Scan the entries that follow for the word "with", then report every line in which it appears.
***** The data *****
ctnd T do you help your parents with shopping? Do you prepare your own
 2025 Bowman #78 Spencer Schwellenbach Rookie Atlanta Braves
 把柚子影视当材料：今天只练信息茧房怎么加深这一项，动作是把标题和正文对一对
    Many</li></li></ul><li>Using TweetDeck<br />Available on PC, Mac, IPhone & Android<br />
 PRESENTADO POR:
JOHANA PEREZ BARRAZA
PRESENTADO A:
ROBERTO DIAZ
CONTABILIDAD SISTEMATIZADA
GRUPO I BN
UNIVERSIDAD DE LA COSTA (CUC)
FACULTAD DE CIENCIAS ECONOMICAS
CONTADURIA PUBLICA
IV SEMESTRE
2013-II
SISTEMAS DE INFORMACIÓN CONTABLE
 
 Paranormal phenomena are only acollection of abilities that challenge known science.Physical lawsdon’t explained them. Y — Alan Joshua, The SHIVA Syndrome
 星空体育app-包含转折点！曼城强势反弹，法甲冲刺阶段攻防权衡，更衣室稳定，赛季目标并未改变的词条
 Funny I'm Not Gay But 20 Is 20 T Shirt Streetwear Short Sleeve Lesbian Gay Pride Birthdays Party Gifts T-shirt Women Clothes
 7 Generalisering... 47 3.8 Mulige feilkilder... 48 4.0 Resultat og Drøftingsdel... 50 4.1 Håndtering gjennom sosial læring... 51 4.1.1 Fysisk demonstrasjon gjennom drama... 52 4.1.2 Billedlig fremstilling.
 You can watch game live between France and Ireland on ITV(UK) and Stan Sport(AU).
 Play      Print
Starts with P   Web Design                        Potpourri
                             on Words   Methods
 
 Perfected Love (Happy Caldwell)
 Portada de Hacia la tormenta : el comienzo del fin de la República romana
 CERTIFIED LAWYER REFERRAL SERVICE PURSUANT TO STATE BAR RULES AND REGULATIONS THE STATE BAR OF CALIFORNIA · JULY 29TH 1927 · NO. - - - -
*****
» Answer to this task
ctnd T do you help your parents with shopping? Do you prepare your own
Starts with P   Web Design                        Potpourri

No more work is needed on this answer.